_BRIEF_
Please, without the pictures, restate every entry exactly.

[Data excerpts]

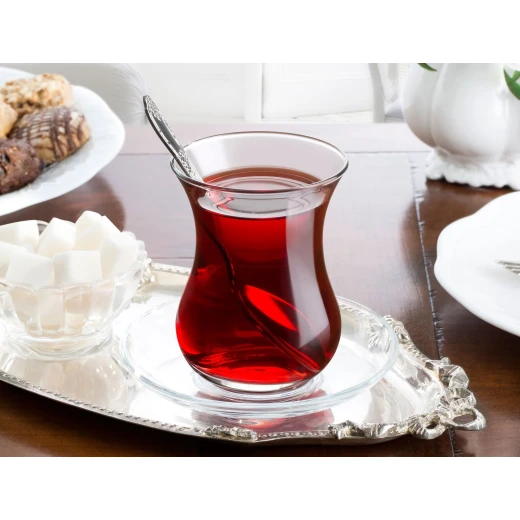 مدام كوكو - طقم أكواب شاي كلاريت - 6 قطع مدام كوكو - طقم أكواب شاي كلاريت - 6 قطع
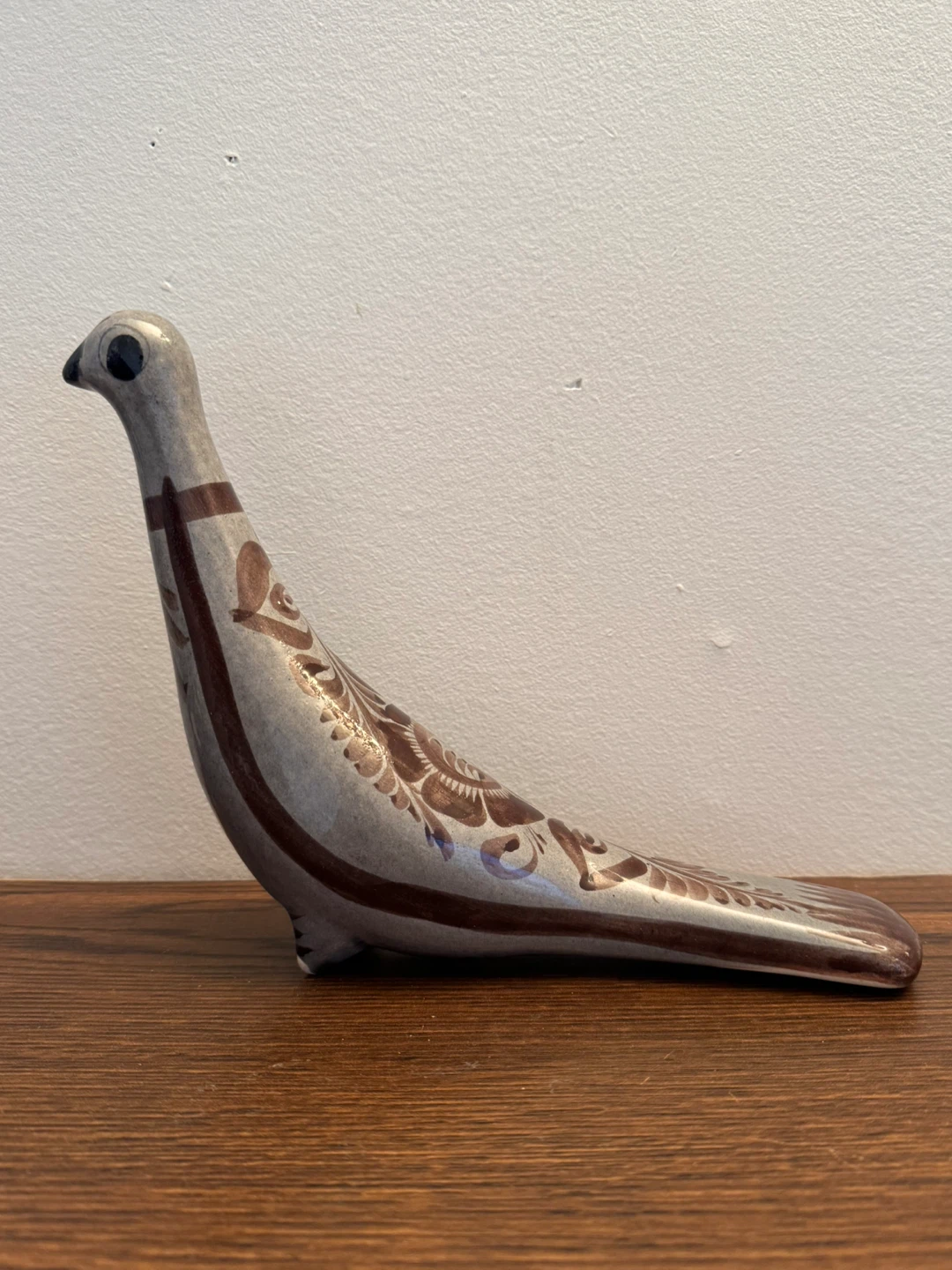 Mexican Tonala Folk Art Clay Bird - photo 2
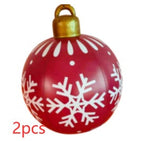 Palla di Natale Gonfiabile 60 cm – Decorazione Natalizia in PVC Resistente alle Intemperie per Esterni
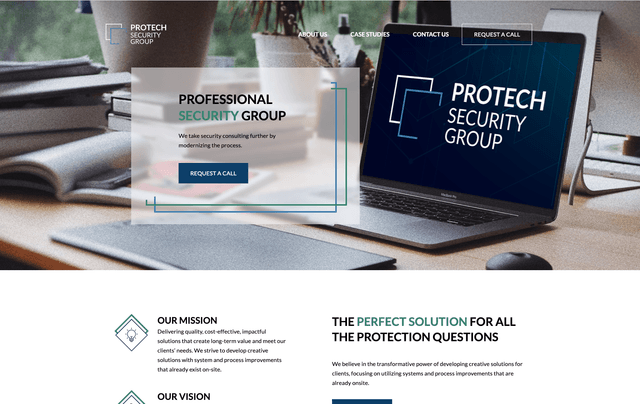 Protech Security Group Website
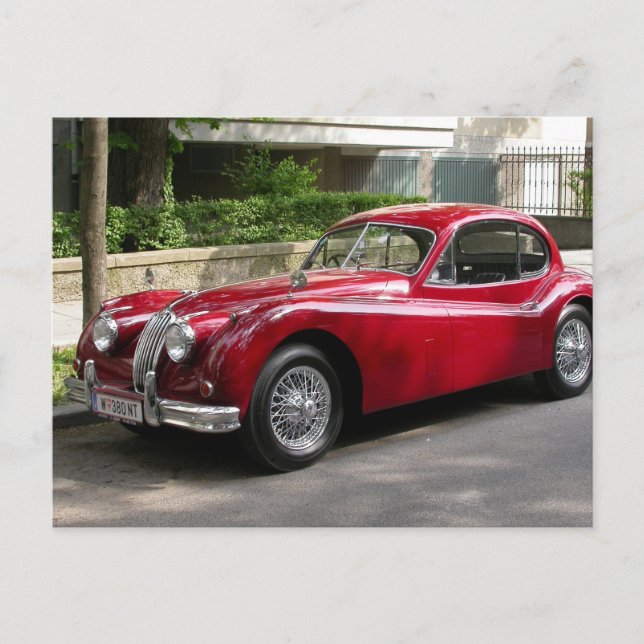 Carte Postale Jaguar XK 120 FHC (Devant)
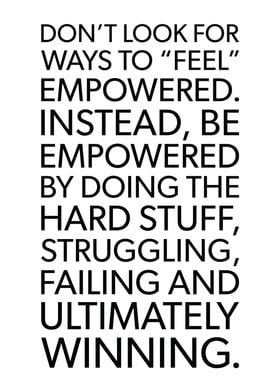 Be Empowered By Winning
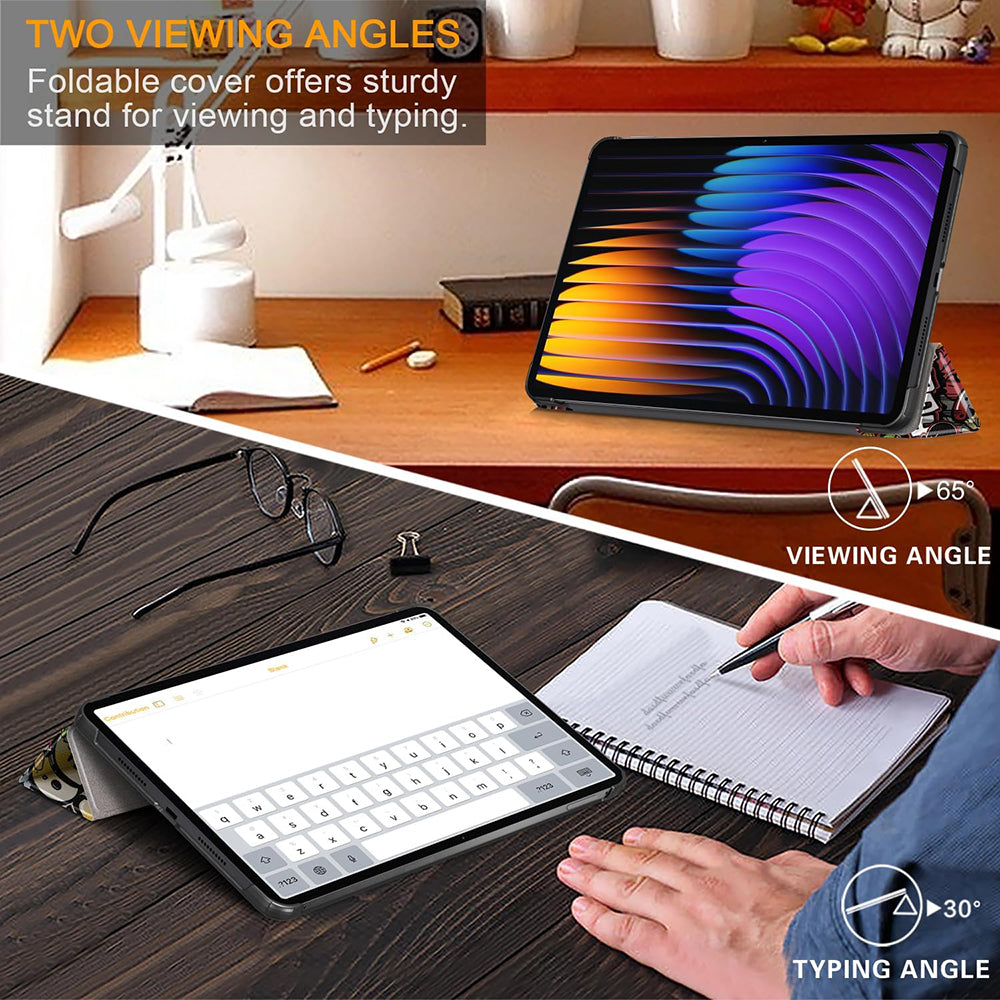 Θήκη για Xiaomi Pad 7 / 7 Pro, Techsuit, FoldPro Urban Vibe, Πολύχρωμο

_OUTPUT FOR THIS EXERCISE_
 مدام كوكو - طقم أكواب شاي كلاريت - 6 قطع مدام كوكو - طقم أكواب شاي كلاريت - 6 قطع
 Mexican Tonala Folk Art Clay Bird - photo 2
 Palla di Natale Gonfiabile 60 cm – Decorazione Natalizia in PVC Resistente alle Intemperie per Esterni
 Protech Security Group Website
 Carte Postale Jaguar XK 120 FHC (Devant)
 Be Empowered By Winning
 Θήκη για Xiaomi Pad 7 / 7 Pro, Techsuit, FoldPro Urban Vibe, Πολύχρωμο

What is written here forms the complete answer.